CNN technology provides state-of-the-art solutions to many image processing and computer vision problems. Given a CNN architecture, all of its parameters are determined by the stochastic gradient descent (SGD) algorithm through backpropagation (BP). The BP training demands a high computational cost. Furthermore, most CNN publications are application-oriented. There is a limited amount of progress after the classical result in [1]. Examples include explainable CNNs [2,3,4] and feedforward designs without backpropagation [5,6].

The determination of CNN model parameters in the one-pass feedforward (FF) manner was recently proposed by Kuo et al. in [6]. It derives network parameters of a target layer based on statistics of output data from its previous layer. No BP is used at all. This feedforward design provides valuable insights into the CNN operational mechanism. Besides, under the same network architecture, its training complexity is significantly lower than that of the BP design CNN. FF-designed and BP-designed CNNs are denoted by FF-CNNs and BP-CNNs, respectively.

We focus on solving the image classification problem based on the feedforward-designed convolutional neural networks (FF-CNNs) [6]. An ensemble method that fuses the output decision vectors of multiple FF-CNNs to solve the image classification problem is proposed. To enhance the performance of the ensemble system, it is critical to increasing the diversity of FF-CNN models. To achieve this objective, we introduce diversities by adopting three strategies: 1) different parameter settings in convolutional layers, 2) flexible feature subsets fed into the Fully-connected (FC) layers, and 3) multiple image embeddings of the same input source. Furthermore, we partition input samples into easy and hard ones based on their decision confidence scores.
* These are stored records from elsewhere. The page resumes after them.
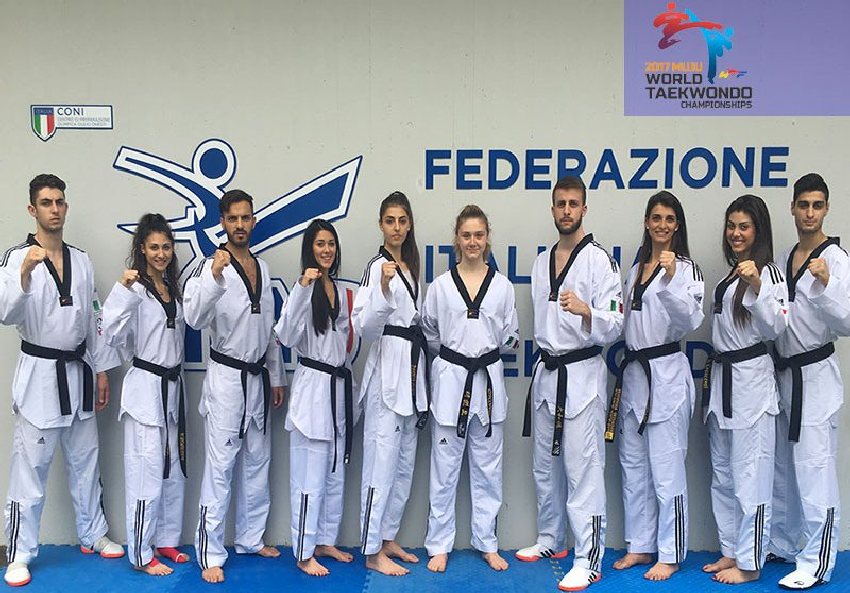 Sabato iniziano i Campionati Mondiali in Corea. Si assegnano i primi punti per Tokyo 2020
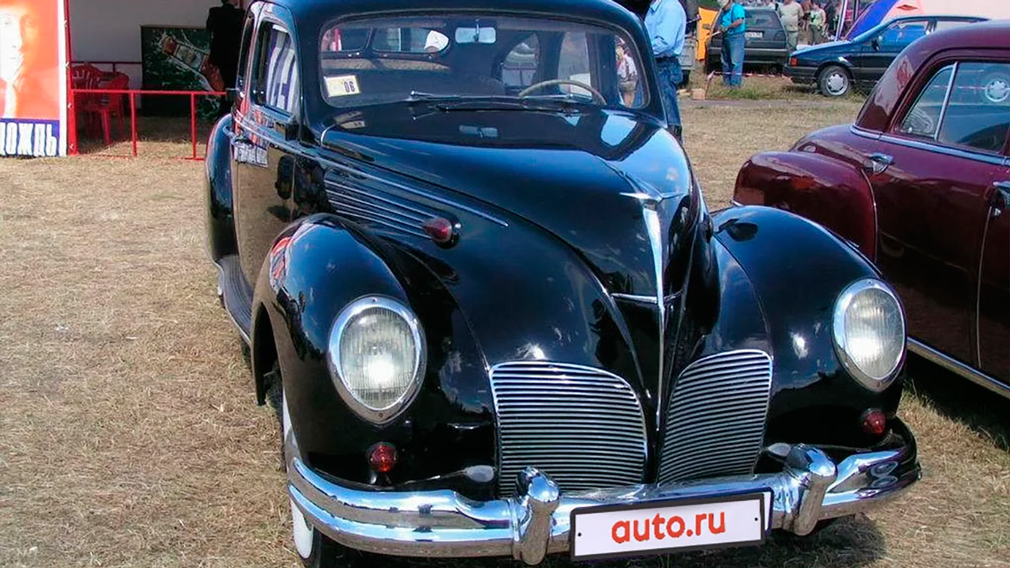 Машину из гаража президента США времен Второй Мировой Войны выставили на продажу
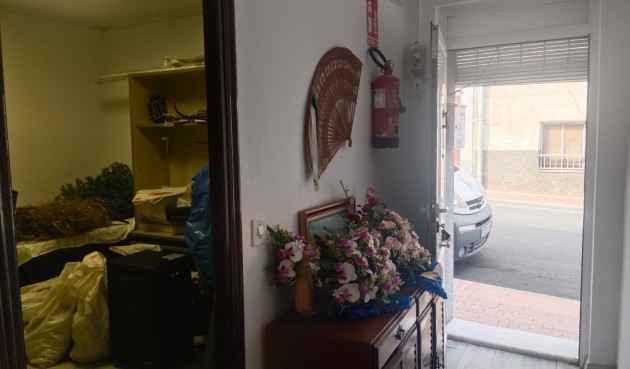 Resale - Town House -
Salinas - Inland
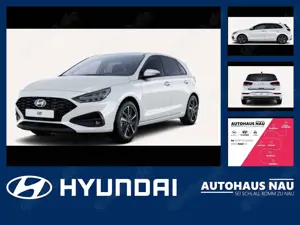Hyundai i30 cw 1.0 T-GDI Advantage inkl. Big Deal!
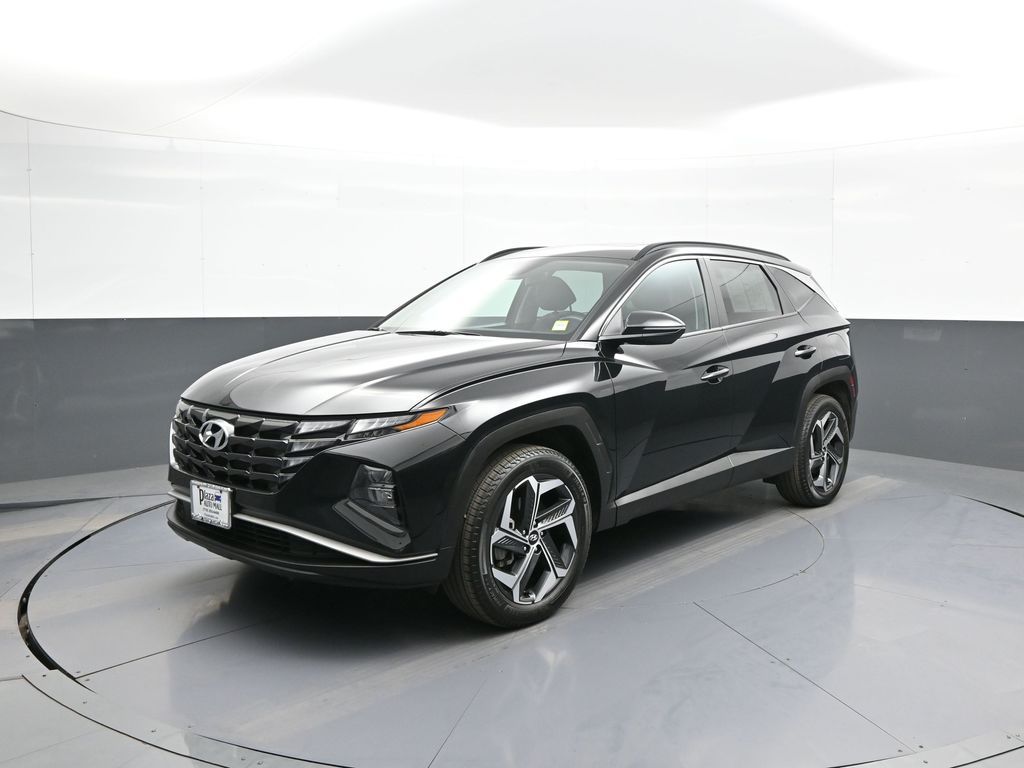 2023 Hyundai Tucson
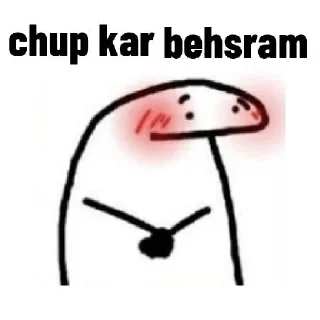 😂 emoji Kalmuhi by Hyper Telegram sticker 8 of 120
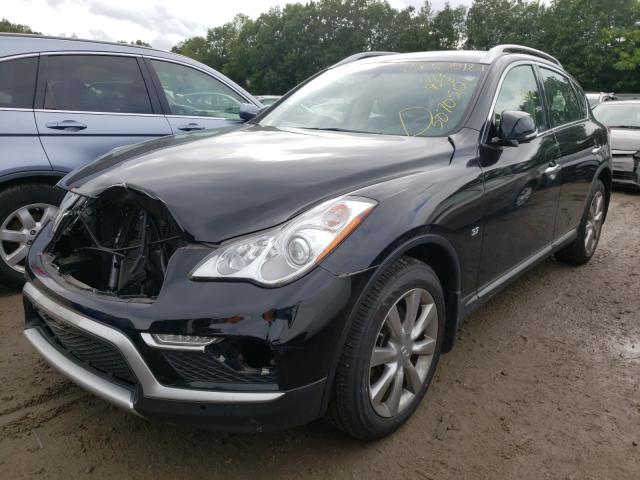 2017 INFINITI QX50 JN1BJ0RR9HM413923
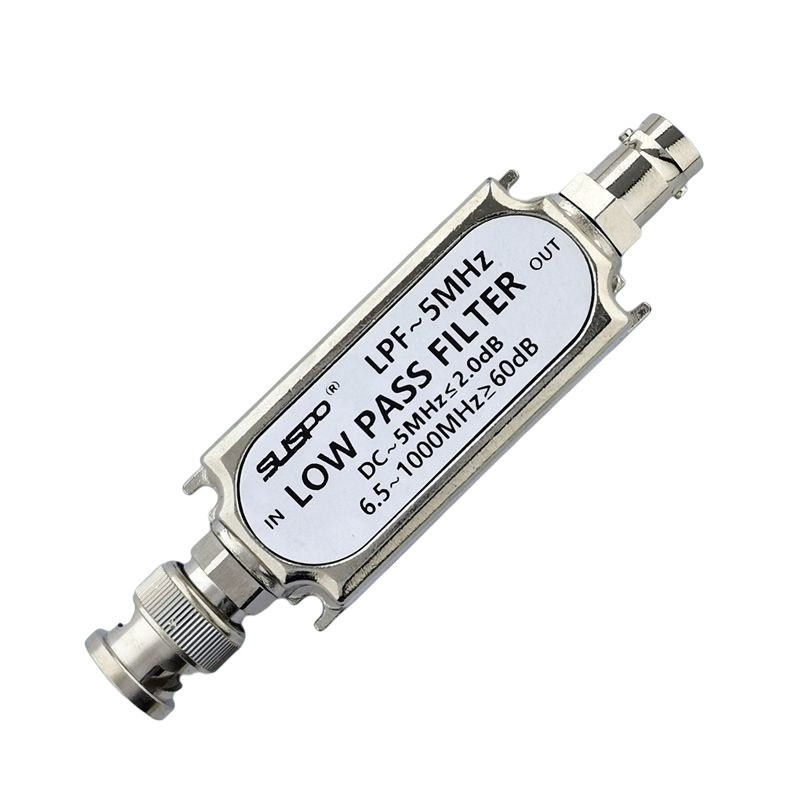 低通滤波器LPF-5MHz特高滤波器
As a result, we can develop a new ensemble system tailored to hard samples to further boost classification accuracy.  Although the ensemble idea can be applied to both BP-CNNs and FF-CNNs, it is more suitable for FF-CNNs since FF-CNNs are weaker classifiers of extremely low complexity.

By  Yueru Chen, Yijing Yang, Wei Wang and C.-C. Jay Kuo


[1] George Cybenko, “Approximation by superpositions of a sigmoidal function,” Mathematics of Control, Signals and Systems, vol. 2, no. 4, pp. 303–314, 1989.
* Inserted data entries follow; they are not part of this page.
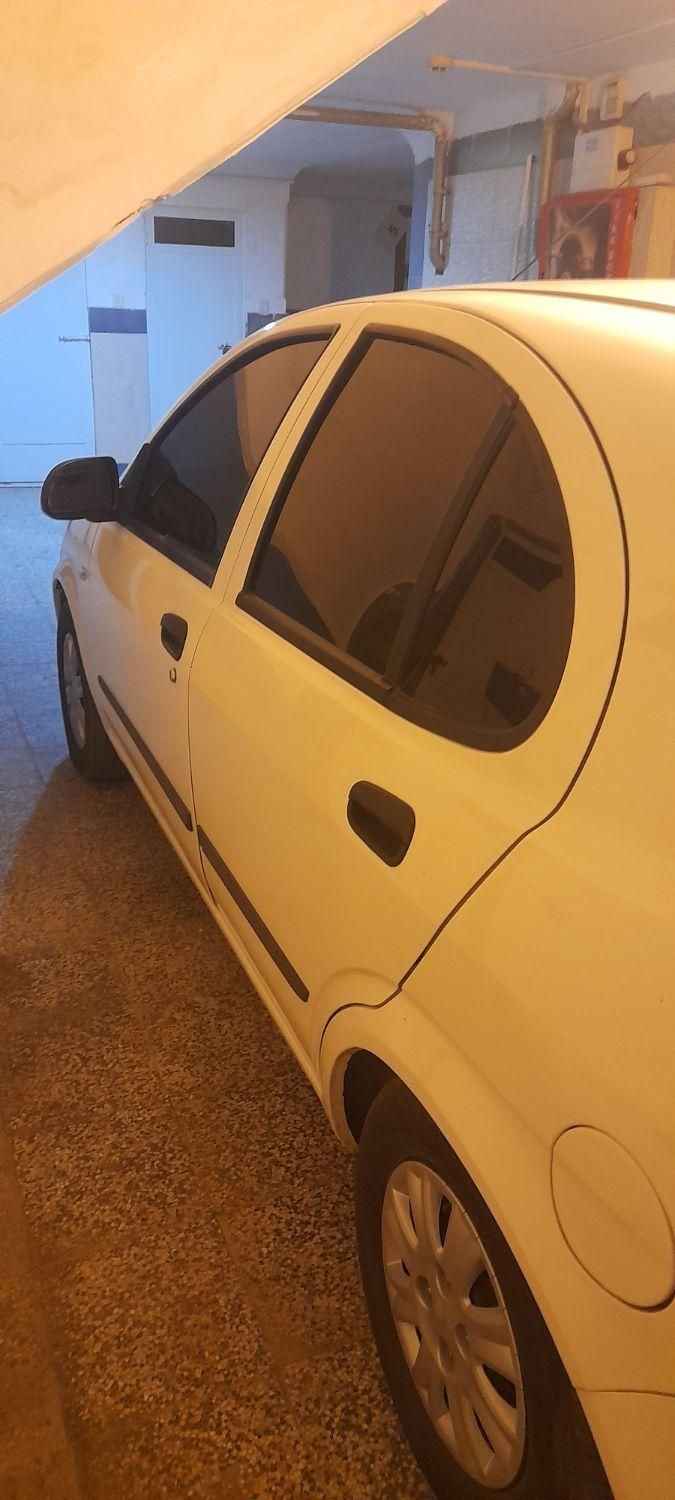 تیبا 2 EX - 1401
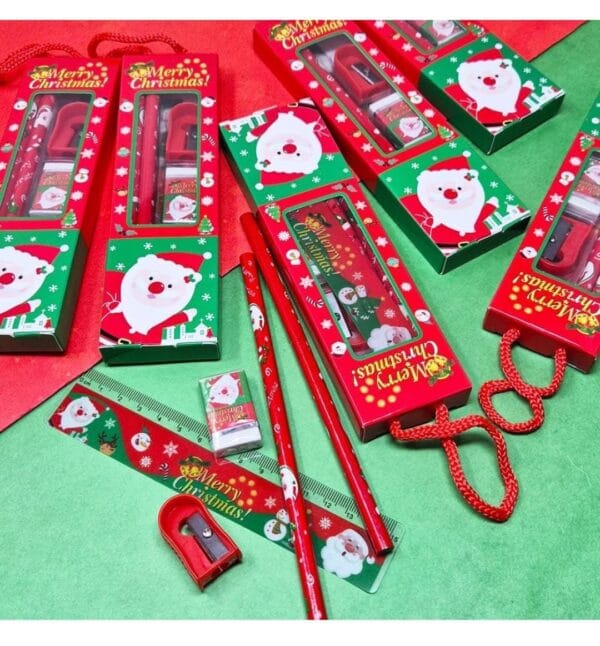 Esmi *Budget Stationary- Christmas*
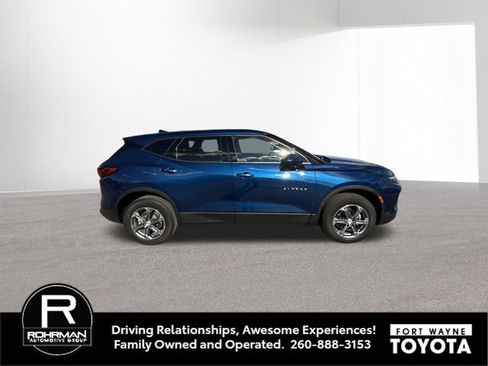 Used 2023 Chevrolet Blazer LT w/ Driver Confidence Package image 5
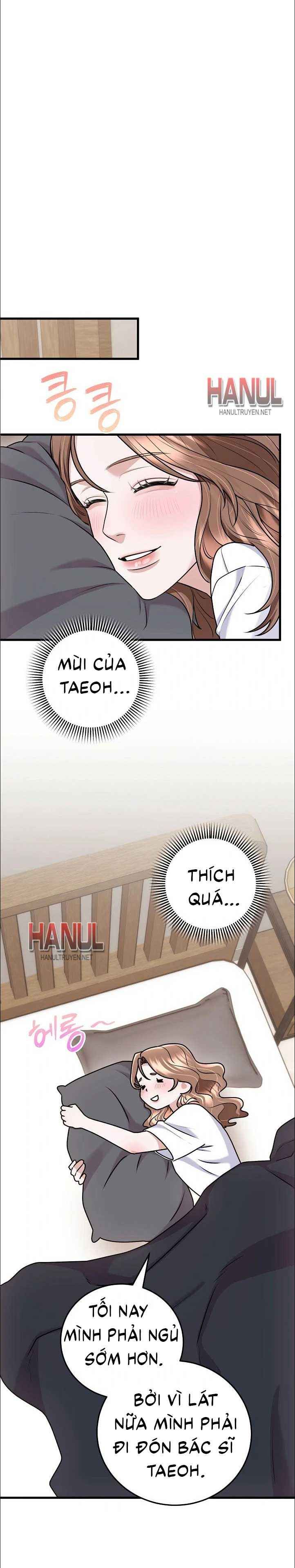 đọc truyện Chuyện Tình Bác Sĩ Chương 32.5 ảnh 17 tại Thiên Thai Truyện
[2] Quanshi Zhang, Ying Nian Wu, and Song-Chun Zhu, “Interpretable convolutional neural networks,” arXiv preprint arXiv:1710.00935, 2017.
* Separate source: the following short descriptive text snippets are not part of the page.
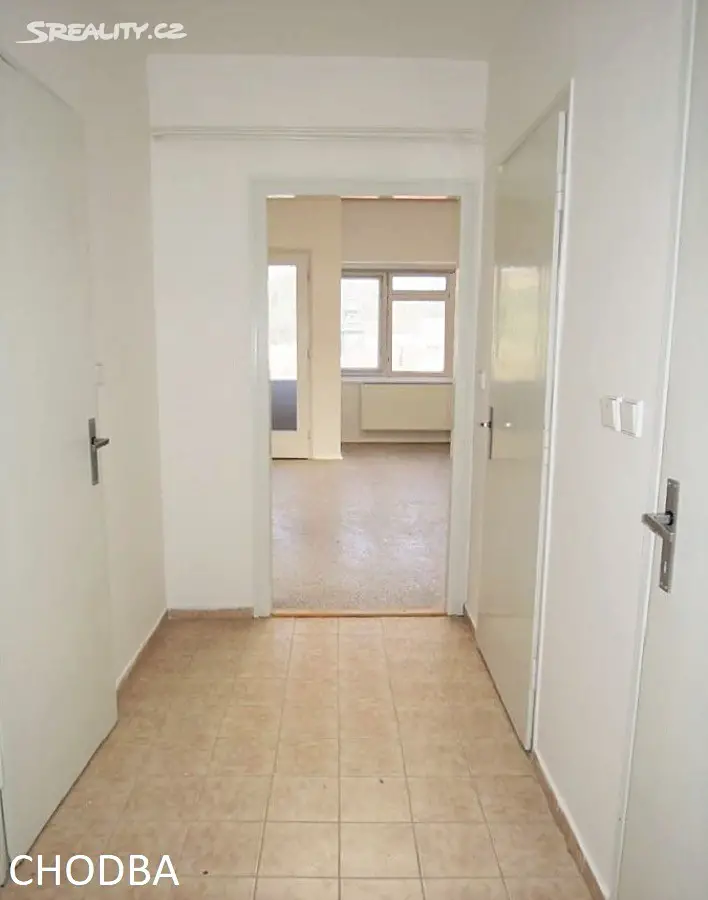 Pronájem bytu 2+kk 60 m², Mendlovo náměstí, Brno - Staré Brno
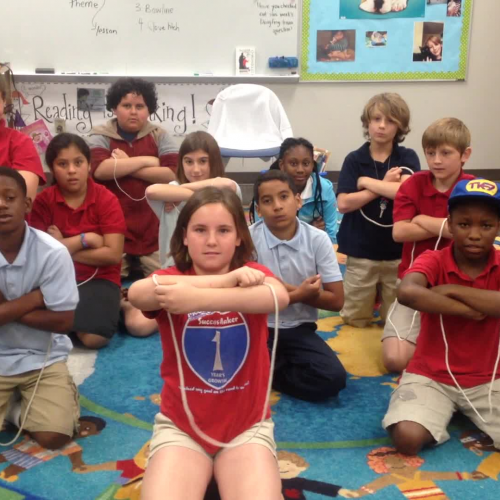 The Impossible Knot!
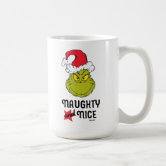 Grinch Naughty/Nice 18 Oz Mug - Cracker Barrel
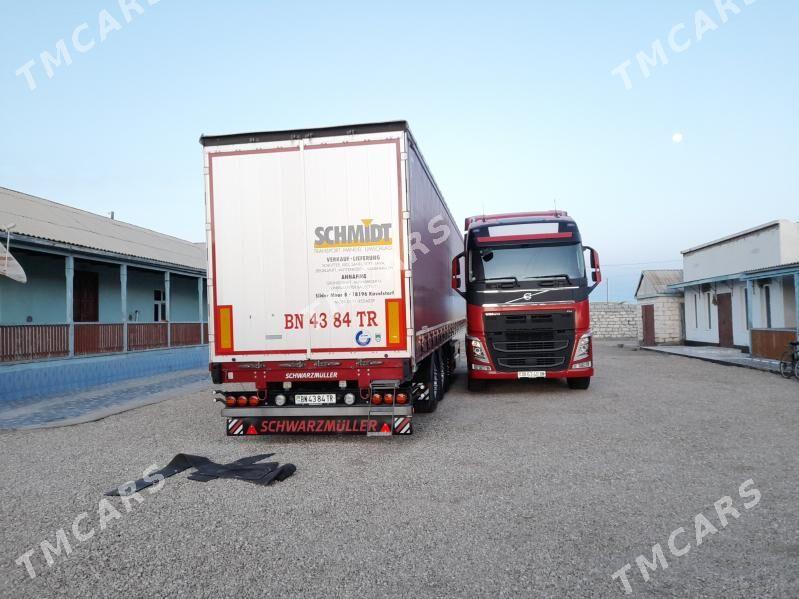 Kogel Cargo 2018 - 470 000 TMT - Esenguly - img 2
[3] C.-C. Jay Kuo, “Understanding convolutional neural networks with a mathematical model,” Journal of Visual Communication and Image Representation, vol. 41, pp. 406–413, 2016.

[4] C.-C. Jay Kuo, “The CNN as a guided multilayer RECOS transform [lecture notes],” IEEE Signal Processing Magazine, vol. 34, no. 3, pp. 81–89, 2017.

[5] C.-C. Jay Kuo and Yueru Chen, “On data-driven Saak transform,” Journal of Visual Communication and Image Representation, vol. 50, pp. 237–246, 2018.

[6] C-C Jay Kuo, Min Zhang, Siyang Li, Jiali Duan, and Yueru Chen, “Interpretable convolutional neural networks via feedforward design,” arXiv preprint arXiv:1810.02786, 2018.